Research Student: Dr Betty Chinyamunyamu
The Invisibilisation of Female Farmers from Agricultural Policies and Interventions: The Case of the Malawi farm Inputs Subsidy Programme (FISP)
Female farmers in Malawi and many other African countries remain subordinate to and more food insecure than their male counterparts. It is paradoxical that this status quo has persisted in spite of two significant factors: their high and increasing involvement in food and agricultural production, and policy commitments at both national and international levels to address gender inequalities in the agricultural sector. Using the case study of the Malawi Farm Input Subsidy Programme (FISP), this research critically engages with these issues to explain why agricultural policies have not been successful in addressing gender inequalities in the sector. It argues that in spite of feminisation of agriculture, development policies in Malawi still largely consider men as ‘the farmers’ and therefore neglect female farmers and the complexity of gender relations. Consequently, the government’s response to food insecurity is compromised by a cyclical process embedded in the policy making cycle that facilitates, re-enforces and perpetuates the subordination of female farmers – the Female Subordination Cycle.

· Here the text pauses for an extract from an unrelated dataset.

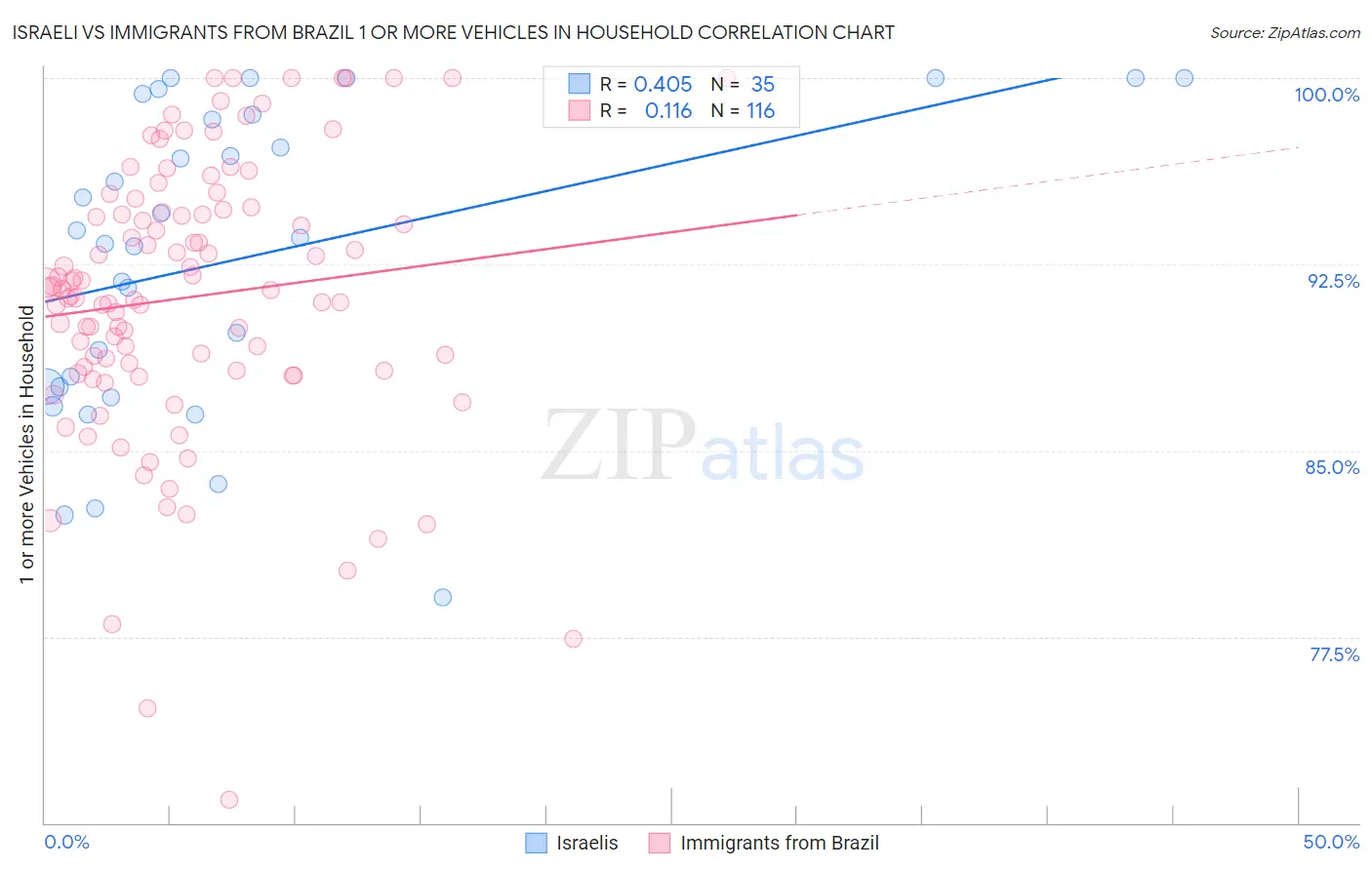 Israeli vs Immigrants from Brazil 1 or more Vehicles in Household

This research is situated at the intersection of food security, agricultural policy and gender and development literature – fields that are inter-connected but inadequately speak to each other. It therefore brings to the fore connections across these fields that are critical for understanding and consequently addressing the dual and inter-connected challenges of female subordination and food insecurity. Through a detailed examination of how the food security status of FHHs (both de jure and de facto) has been affected by the FISP, it contributes to a de-invisibilisation of female farmers from agricultural policies and interventions.
The research takes a pragmatic approach and employs mixed research methods. It is grounded in extensive fieldwork involving a large number of participants (over 540). A gender-aware approach to selection of participants is undertaken in that although female farmers are the main and primary research participants, male farmers are also consulted through focus group discussions.